:: WHAT YOU ARE ASKED TO DO ::
Ignoring every picture, transcribe the data in full as it stands.

───── SUPPLIED DATA

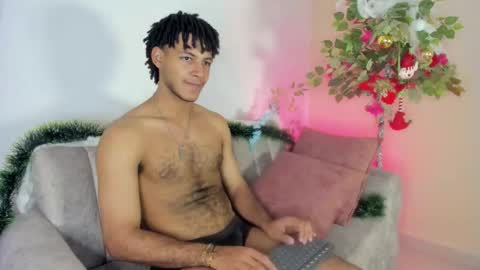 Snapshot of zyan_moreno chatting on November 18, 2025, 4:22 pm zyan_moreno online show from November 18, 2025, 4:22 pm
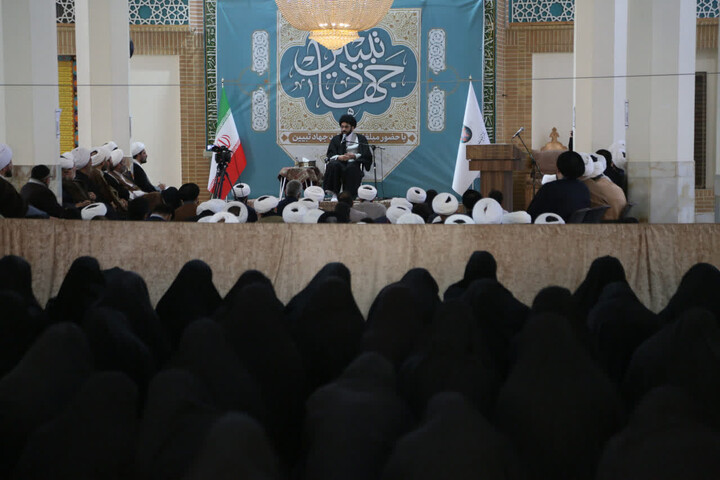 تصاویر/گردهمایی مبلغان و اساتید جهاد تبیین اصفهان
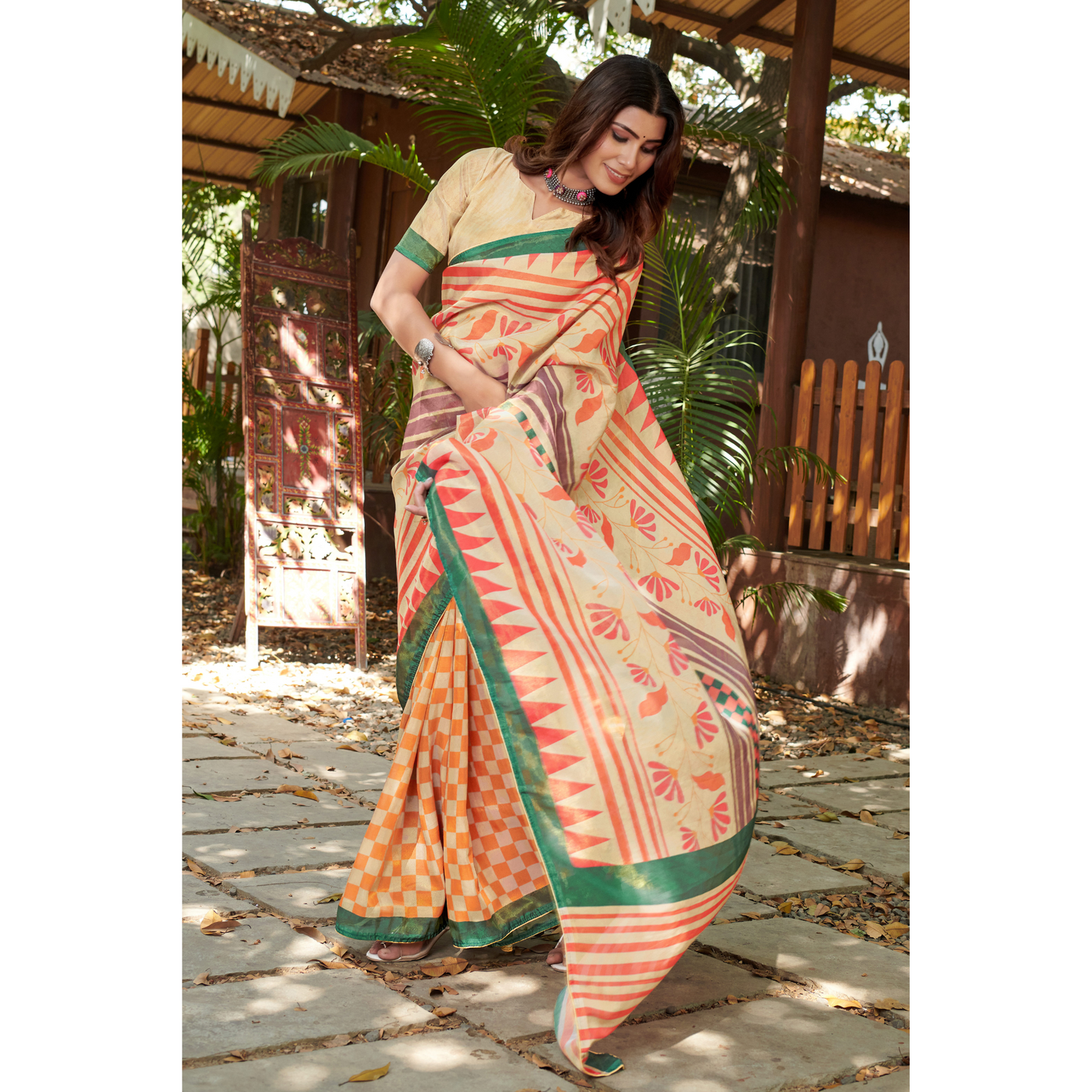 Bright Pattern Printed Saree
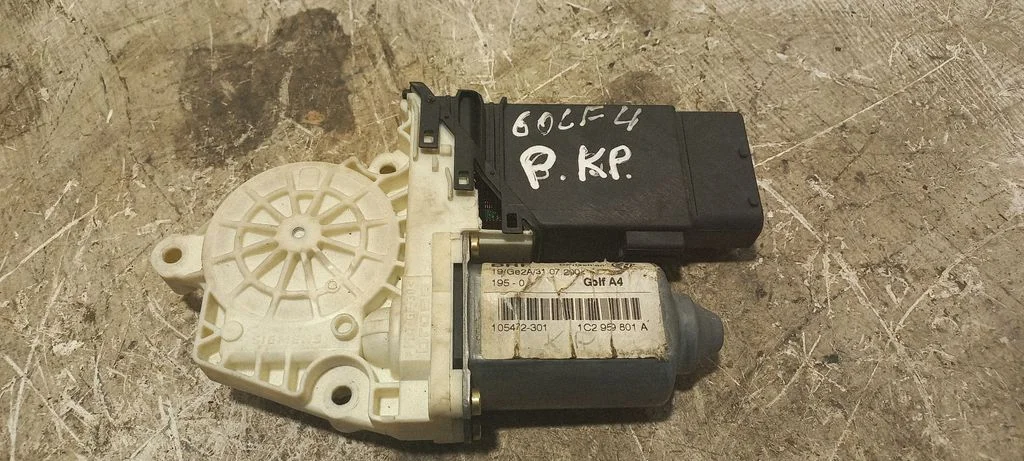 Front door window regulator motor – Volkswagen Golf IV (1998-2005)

──────────

:: SOLUTION TO THIS TASK ::
 Snapshot of zyan_moreno chatting on November 18, 2025, 4:22 pm zyan_moreno online show from November 18, 2025, 4:22 pm
 تصاویر/گردهمایی مبلغان و اساتید جهاد تبیین اصفهان
 Bright Pattern Printed Saree
 Front door window regulator motor – Volkswagen Golf IV (1998-2005)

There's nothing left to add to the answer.